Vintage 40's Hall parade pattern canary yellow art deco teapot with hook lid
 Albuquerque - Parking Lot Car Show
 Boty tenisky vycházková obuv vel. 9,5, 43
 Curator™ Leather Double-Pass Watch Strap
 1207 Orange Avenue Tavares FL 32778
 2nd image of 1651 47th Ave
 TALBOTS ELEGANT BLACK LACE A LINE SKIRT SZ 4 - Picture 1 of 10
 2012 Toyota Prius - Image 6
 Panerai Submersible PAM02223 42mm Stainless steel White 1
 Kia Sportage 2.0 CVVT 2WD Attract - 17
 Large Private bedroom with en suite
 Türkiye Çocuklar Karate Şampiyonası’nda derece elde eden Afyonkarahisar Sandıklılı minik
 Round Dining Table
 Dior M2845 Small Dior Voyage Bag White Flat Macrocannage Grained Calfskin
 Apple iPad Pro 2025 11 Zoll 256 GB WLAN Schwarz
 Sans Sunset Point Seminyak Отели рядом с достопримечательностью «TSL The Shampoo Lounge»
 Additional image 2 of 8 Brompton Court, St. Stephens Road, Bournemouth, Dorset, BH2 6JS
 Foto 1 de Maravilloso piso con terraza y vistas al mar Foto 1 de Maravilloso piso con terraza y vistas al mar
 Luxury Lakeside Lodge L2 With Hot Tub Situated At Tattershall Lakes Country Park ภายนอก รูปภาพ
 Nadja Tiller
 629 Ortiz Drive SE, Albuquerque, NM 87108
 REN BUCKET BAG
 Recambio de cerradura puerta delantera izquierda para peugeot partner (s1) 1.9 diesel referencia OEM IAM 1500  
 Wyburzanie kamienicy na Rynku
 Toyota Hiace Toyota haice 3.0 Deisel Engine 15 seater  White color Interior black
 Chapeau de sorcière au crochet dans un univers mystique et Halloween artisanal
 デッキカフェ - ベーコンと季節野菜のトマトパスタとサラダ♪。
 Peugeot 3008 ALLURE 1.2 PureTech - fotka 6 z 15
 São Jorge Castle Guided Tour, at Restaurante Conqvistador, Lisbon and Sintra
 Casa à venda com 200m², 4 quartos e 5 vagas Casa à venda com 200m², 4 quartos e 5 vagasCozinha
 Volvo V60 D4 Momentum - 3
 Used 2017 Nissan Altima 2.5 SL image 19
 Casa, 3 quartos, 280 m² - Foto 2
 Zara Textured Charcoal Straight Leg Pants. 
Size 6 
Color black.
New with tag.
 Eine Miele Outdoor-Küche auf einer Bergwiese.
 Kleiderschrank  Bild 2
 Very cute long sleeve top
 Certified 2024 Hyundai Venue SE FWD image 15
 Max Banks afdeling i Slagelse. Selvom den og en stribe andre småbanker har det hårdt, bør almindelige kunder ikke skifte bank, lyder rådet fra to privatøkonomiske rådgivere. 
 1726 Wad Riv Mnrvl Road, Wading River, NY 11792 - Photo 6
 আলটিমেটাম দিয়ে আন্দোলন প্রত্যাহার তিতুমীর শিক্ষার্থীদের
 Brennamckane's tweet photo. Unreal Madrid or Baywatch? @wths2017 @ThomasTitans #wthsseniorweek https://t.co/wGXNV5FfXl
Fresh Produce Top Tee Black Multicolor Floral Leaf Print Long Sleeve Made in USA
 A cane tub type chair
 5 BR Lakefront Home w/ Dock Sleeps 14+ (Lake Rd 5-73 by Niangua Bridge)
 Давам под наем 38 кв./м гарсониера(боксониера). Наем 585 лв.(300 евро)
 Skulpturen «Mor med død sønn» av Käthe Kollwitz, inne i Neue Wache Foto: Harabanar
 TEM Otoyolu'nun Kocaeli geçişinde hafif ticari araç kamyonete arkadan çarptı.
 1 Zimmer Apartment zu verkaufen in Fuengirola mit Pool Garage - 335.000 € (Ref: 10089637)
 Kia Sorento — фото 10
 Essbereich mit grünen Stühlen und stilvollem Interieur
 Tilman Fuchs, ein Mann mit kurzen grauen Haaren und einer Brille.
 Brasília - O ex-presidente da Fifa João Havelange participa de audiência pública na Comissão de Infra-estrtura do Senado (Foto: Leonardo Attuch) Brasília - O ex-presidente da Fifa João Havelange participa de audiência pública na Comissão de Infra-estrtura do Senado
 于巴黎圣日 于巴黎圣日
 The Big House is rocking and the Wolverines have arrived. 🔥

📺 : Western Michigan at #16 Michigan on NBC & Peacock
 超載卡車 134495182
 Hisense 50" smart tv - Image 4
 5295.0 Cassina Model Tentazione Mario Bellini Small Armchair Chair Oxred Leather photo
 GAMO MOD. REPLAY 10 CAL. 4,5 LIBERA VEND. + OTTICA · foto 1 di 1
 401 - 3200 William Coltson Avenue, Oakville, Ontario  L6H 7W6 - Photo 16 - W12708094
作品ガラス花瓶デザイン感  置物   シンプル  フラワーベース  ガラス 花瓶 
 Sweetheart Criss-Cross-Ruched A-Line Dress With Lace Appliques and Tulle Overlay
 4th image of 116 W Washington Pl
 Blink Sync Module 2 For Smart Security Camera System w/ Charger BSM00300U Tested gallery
------------------------------------------------------------
**PROBLEM STATEMENT**
Lines containing the string "quartos" above: how many are there? Answer with the number only.

**TASK OUTPUT**
2